Open martinreynaert opened 5 years ago
I was notified FoLiA-stats, as installed on the new server 'violet', should now be able to handle ligatures.
I tested this on 'violet'. Note this was the very first time I ran any FoLiA- or TICCL tool on this new machine.
It seemed very slow.
And it did not work as can be seen from the output file:
reynaert@violet:/reddata$ grep 'F_r_a_n' /reddata/PILOTS/LEVITICUS/TESTFRQ/TESTFRQFOLIAtagdivNEW.hemp F_r_a_n_k_r F_r_a_n_s_c_h
The command run was:
reynaert@violet:/reddata$ /exp/sloot/usr/local/bin/FoLiA-stats --max-ngram=3 --separator='_' --collect --tags=div -t max --hemp=/reddata/PILOTS/LEVITICUS/TESTFRQ/TESTFRQFOLIAtagdivNEW.hemp -e folia.xml$ -o /reddata/PILOTS/LEVITICUS/TESTFRQ/TESTFRQFOLIAtagdivNEW /reddata/PILOTS/LEVITICUS/FOLIA/NOFOREIGN/
Ok, closer examining the provided data reveals that the 'ij' ISN'T a ligature but indeed just 2 separate characters. So the patch to handle multi-byte characters didn't work out. I assume the conversion to FoLiA already 'solved' the ligature.
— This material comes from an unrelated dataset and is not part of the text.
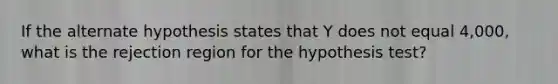 If the alternate hypothesis states that Y does not equal 4,000, what is the rejection region for the hypothesis test?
We really need to be more lax hear and accept 2-byte sequences too. This might well turn out to permissive, in which case we could put restrictions, like 'only certain 2-grams' and ' a punctuation, but only on the last position'
Ok, I improved 'hemp' detection. the bi-gram 'ij' is now always accepted, and bi-grams with a trailing punctuation too, but they are assumed to END the 'hemp' @martinreynaert please test this, it is installed on violet.
@martinreynaert I would like to improve, and clarify 'hemp' detection a bit, especially while we are using the same procedure in FoLiA-correct now. I will use some corner-cases to illustrate the difficulties.
Take the following examples:
H E M P
een H E M P dus
een H E M P in een zin
I suppose the hemp to be detected is H_E_M_P
Some cases with a punctuated hemp:
H E M P.
een H E M P. dus
een H E M P. in een zin
een H E. M P. in een zin
1,2 and 3 will give the hemp: H_E_M_P.
4 will give 2 hemps: H_E.
and M_P.
as we consider a punctuated 2-gram as a hemp-stopper.
This may be questionable....
1-digit numbers can also be part of an hemp, like in: 1 2 3
yielding 1_2_3
, but see that
1_2._3
not detects any hemps. But probably 1_2.
is desired, or even 1_2._3
?
NOTE: as an exception the bi-gram 'ij' (and case variants) is also part of a hemp.
To summarize: We need a clear definition of a hemp :)
still waiting for an answer
The hemp parameter in FoLiA-stats collects spaced words. It currently breaks on ligatures (see example). It also fails to collect the last letter if this has a trailing punctuation mark, which happens often.
reynaert@black:/reddata/PILOTS/LEVITICUS$ grep 'F r a n' /reddata/PILOTS/LEVITICUS/FOLIA/NOFOREIGN/levit.03.NoForeigns.folia.xml.txt F r a n s c h zal Z. F r a n k r ij k. uitgeoefend. Z. F r a n k r ij k. F r a n k r ij k. reynaert@black:/reddata/PILOTS/LEVITICUS$ cat TESTFRQ/TESTFRQFOLIAtagdiv.hemp |grep 'F_r_a_n' F_r_a_n_k_r
1/ ligatures should be seen as single characters. 2/ a final character with a trailing punctuation mark should also be collected.
Perhaps both little issues might be solved by allowing for the 'occasional' two character sequence, given repetitions of single characters in historically emphasised text.